══ DATA IN THIS EXERCISE ══

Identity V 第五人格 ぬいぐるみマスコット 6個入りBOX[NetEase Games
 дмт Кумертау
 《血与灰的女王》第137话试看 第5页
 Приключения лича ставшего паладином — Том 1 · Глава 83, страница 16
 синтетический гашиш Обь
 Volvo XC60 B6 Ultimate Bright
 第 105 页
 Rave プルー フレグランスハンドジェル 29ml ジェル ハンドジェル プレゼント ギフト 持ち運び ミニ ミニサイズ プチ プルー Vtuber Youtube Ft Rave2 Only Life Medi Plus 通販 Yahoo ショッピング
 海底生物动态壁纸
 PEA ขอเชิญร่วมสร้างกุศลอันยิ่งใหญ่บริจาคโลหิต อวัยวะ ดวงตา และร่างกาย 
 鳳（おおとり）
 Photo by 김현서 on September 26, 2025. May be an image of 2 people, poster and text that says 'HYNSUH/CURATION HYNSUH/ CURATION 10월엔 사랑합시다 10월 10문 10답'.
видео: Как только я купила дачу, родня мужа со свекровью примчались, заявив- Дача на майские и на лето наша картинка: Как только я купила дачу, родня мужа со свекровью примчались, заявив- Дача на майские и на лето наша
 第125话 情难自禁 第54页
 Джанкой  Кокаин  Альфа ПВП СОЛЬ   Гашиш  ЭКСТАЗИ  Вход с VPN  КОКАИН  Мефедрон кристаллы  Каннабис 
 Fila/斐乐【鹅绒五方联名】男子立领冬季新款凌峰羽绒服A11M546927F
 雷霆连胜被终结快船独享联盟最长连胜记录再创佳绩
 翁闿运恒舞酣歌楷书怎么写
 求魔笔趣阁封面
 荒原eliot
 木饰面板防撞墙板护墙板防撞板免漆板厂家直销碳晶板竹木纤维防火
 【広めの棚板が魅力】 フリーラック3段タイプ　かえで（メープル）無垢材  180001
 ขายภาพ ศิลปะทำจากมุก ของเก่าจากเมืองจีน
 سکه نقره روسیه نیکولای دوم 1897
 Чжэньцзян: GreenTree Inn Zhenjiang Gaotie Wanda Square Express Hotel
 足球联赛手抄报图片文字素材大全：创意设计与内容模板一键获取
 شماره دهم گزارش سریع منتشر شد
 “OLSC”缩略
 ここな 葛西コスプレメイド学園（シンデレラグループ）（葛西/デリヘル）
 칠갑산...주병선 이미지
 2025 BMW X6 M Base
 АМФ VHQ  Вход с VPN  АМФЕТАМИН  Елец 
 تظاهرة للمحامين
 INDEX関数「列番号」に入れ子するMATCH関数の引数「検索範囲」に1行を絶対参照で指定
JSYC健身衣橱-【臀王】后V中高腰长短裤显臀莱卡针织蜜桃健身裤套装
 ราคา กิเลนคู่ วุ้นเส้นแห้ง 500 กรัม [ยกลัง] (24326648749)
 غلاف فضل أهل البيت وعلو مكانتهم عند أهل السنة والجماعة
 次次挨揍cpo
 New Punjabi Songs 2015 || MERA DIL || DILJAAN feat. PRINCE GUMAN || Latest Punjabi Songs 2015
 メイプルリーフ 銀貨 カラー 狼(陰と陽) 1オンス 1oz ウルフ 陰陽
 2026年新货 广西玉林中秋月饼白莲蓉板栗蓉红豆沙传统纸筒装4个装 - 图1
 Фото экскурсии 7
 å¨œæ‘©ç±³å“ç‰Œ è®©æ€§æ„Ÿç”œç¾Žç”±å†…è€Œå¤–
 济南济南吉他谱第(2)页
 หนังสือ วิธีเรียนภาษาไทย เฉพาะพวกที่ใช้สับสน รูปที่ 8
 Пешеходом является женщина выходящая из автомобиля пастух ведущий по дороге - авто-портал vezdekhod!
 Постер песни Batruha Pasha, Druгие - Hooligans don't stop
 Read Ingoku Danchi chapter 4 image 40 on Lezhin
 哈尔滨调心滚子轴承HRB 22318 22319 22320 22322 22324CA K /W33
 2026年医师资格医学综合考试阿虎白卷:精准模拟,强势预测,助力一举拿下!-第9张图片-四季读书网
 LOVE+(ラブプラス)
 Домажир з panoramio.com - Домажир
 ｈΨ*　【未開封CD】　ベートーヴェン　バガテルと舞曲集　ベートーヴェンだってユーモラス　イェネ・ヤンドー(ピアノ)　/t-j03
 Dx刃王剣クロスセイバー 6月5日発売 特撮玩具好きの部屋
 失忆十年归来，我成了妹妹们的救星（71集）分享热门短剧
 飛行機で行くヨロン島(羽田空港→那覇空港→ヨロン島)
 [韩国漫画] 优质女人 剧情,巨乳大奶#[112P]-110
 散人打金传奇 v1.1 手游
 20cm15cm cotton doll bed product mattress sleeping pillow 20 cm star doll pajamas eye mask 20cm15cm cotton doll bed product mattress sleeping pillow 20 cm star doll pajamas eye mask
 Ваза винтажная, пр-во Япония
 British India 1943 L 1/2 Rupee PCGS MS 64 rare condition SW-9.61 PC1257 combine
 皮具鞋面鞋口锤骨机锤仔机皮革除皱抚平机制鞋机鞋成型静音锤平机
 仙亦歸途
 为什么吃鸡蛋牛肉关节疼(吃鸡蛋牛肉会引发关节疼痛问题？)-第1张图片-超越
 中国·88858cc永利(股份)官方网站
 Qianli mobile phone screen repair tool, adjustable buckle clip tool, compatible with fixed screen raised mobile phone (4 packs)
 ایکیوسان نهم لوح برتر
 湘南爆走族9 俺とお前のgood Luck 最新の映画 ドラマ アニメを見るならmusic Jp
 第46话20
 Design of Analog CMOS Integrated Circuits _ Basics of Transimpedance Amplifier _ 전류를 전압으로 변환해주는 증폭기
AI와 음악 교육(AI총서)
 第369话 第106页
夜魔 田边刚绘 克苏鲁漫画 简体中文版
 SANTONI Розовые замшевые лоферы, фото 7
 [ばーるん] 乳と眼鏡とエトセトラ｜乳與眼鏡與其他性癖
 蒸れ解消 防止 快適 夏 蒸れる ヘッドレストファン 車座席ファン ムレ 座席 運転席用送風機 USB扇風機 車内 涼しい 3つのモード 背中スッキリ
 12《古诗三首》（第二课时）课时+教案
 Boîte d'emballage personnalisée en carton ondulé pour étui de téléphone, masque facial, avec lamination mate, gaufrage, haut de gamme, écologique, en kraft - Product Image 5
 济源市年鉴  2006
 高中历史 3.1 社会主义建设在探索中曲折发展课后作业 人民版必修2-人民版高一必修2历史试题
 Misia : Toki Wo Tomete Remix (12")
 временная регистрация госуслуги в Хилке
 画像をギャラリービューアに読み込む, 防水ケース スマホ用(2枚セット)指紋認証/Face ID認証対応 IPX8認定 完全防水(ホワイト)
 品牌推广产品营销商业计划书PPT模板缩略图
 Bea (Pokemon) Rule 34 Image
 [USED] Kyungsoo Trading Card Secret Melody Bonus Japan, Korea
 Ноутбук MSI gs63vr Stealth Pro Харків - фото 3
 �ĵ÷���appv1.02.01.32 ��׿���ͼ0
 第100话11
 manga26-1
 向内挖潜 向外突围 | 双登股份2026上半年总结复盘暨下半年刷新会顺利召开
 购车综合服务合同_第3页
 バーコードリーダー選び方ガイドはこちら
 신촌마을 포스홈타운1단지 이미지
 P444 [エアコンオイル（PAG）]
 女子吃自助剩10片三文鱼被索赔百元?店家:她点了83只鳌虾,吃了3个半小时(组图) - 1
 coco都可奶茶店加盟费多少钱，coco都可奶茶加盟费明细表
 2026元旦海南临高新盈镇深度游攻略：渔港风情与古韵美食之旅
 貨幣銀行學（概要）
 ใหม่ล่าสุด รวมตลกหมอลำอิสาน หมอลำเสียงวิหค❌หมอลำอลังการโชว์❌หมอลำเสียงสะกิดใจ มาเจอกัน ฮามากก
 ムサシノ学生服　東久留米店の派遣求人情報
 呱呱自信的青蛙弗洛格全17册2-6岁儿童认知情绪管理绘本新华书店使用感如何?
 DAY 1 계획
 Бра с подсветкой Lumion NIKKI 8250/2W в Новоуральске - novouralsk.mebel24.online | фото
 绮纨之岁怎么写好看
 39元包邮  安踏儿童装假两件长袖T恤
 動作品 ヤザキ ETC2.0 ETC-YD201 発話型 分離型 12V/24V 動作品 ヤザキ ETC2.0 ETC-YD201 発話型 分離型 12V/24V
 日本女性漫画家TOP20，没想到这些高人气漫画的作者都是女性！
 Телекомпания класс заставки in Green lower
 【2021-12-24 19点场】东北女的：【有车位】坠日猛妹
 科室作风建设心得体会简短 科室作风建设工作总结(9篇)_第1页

═══

HOW TO COMPLETE THIS TASK – Transcribe, exactly as written, all lines of the entries above from the first to the one containing "سکه نقره روسیه نیکولای دوم 1897", and no more.

OUTPUT OF THE TASK –
Identity V 第五人格 ぬいぐるみマスコット 6個入りBOX[NetEase Games
 дмт Кумертау
 《血与灰的女王》第137话试看 第5页
 Приключения лича ставшего паладином — Том 1 · Глава 83, страница 16
 синтетический гашиш Обь
 Volvo XC60 B6 Ultimate Bright
 第 105 页
 Rave プルー フレグランスハンドジェル 29ml ジェル ハンドジェル プレゼント ギフト 持ち運び ミニ ミニサイズ プチ プルー Vtuber Youtube Ft Rave2 Only Life Medi Plus 通販 Yahoo ショッピング
 海底生物动态壁纸
 PEA ขอเชิญร่วมสร้างกุศลอันยิ่งใหญ่บริจาคโลหิต อวัยวะ ดวงตา และร่างกาย 
 鳳（おおとり）
 Photo by 김현서 on September 26, 2025. May be an image of 2 people, poster and text that says 'HYNSUH/CURATION HYNSUH/ CURATION 10월엔 사랑합시다 10월 10문 10답'.
видео: Как только я купила дачу, родня мужа со свекровью примчались, заявив- Дача на майские и на лето наша картинка: Как только я купила дачу, родня мужа со свекровью примчались, заявив- Дача на майские и на лето наша
 第125话 情难自禁 第54页
 Джанкой  Кокаин  Альфа ПВП СОЛЬ   Гашиш  ЭКСТАЗИ  Вход с VPN  КОКАИН  Мефедрон кристаллы  Каннабис 
 Fila/斐乐【鹅绒五方联名】男子立领冬季新款凌峰羽绒服A11M546927F
 雷霆连胜被终结快船独享联盟最长连胜记录再创佳绩
 翁闿运恒舞酣歌楷书怎么写
 求魔笔趣阁封面
 荒原eliot
 木饰面板防撞墙板护墙板防撞板免漆板厂家直销碳晶板竹木纤维防火
 【広めの棚板が魅力】 フリーラック3段タイプ　かえで（メープル）無垢材  180001
 ขายภาพ ศิลปะทำจากมุก ของเก่าจากเมืองจีน
 سکه نقره روسیه نیکولای دوم 1897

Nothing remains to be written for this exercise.